■ Assigned task: Exactly the lines from the one containing "バーレイ ティールブルー／ブルーグリーンキャリコ プレート 21.5cm" through the final line of the data below, with pictures omitted, make up the answer.

■ Input data:
··········

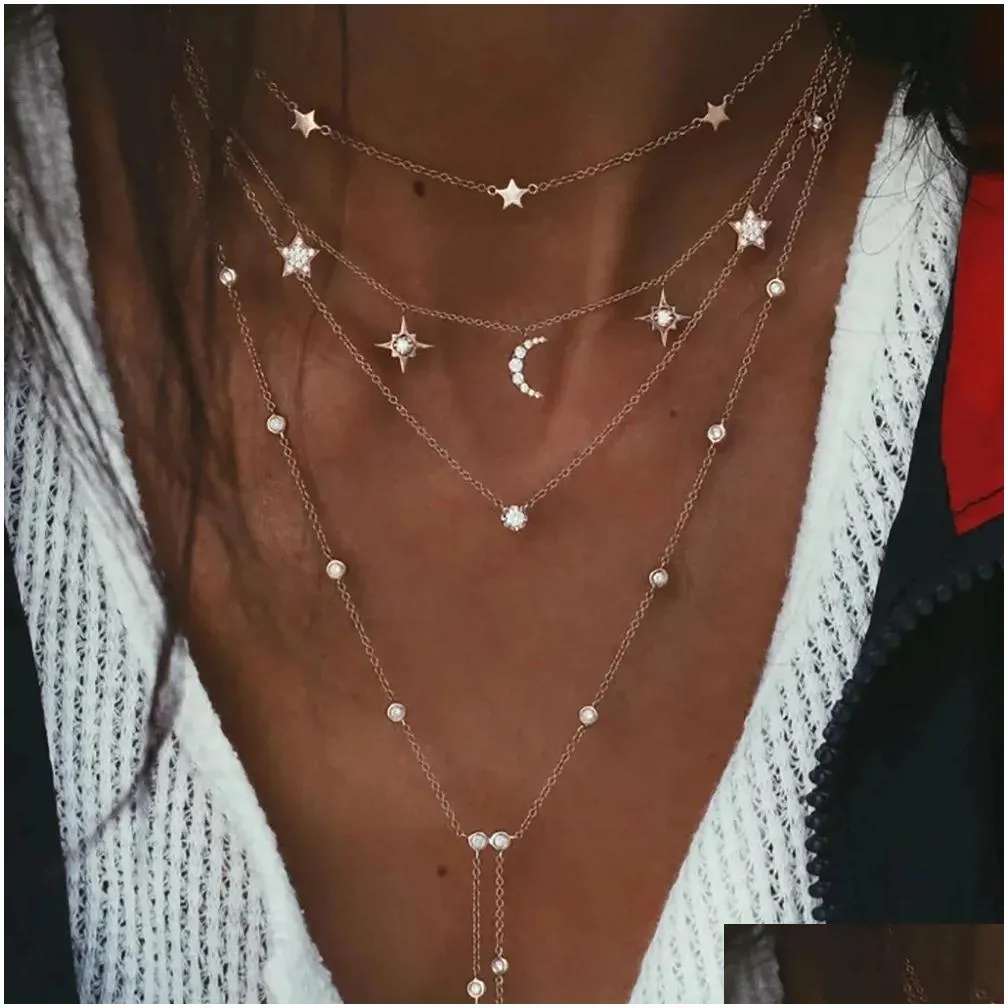 Chokers Vintage Crystal Geometry Star Moon Lock Necklace For Women Boho Mti Level Pendants Necklaces Jewelry Gift 231025 Drop Deliver Dhza2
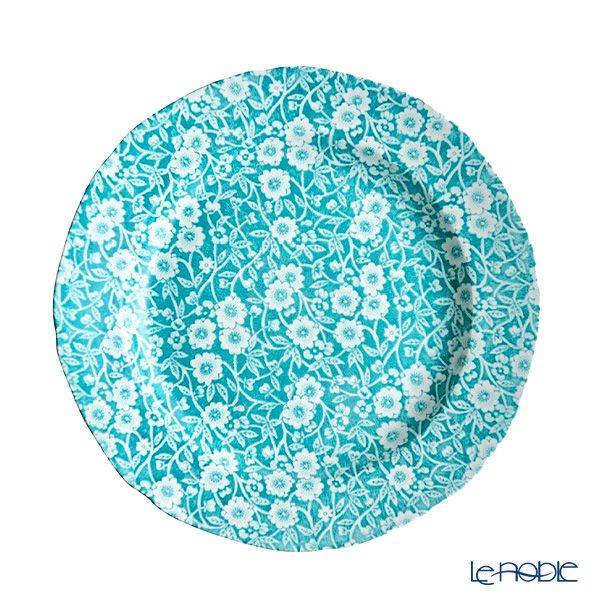 バーレイ ティールブルー／ブルーグリーンキャリコ プレート 21.5cm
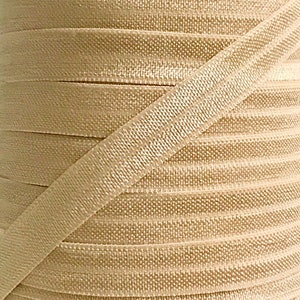 3/8 &quot; Candied Ginger Fold Over Elastic - FOE Elastic For Baby Headbands, Hair Ties and Sewing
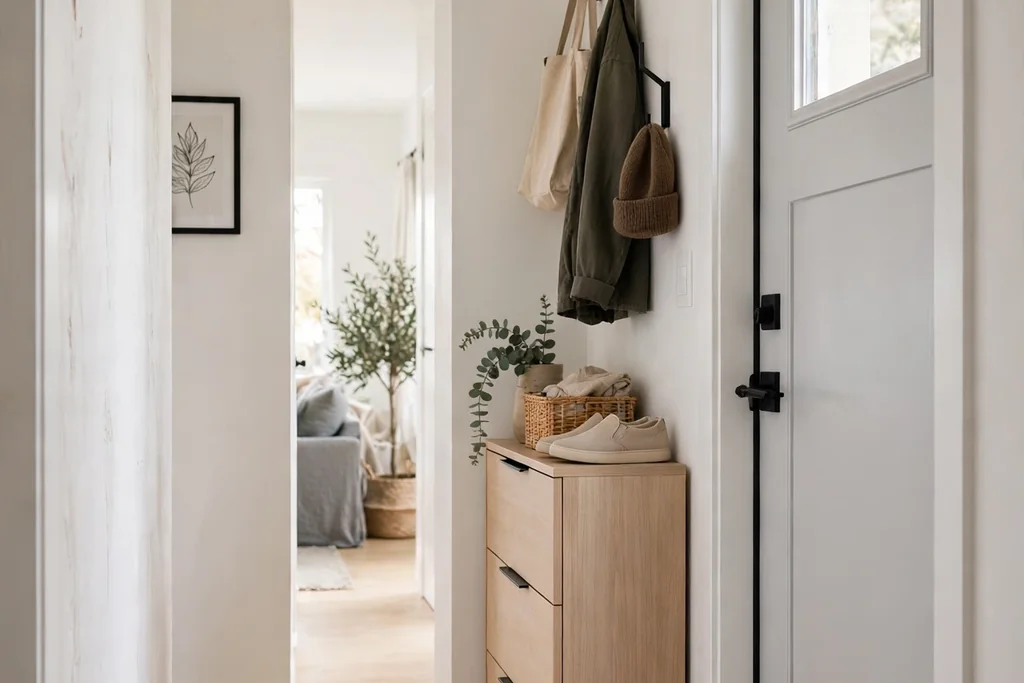 Narrow entry hallway with a slim shoe cabinet beside the front door.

··········

■ Response to this task:
 バーレイ ティールブルー／ブルーグリーンキャリコ プレート 21.5cm
 3/8 &quot; Candied Ginger Fold Over Elastic - FOE Elastic For Baby Headbands, Hair Ties and Sewing
 Narrow entry hallway with a slim shoe cabinet beside the front door.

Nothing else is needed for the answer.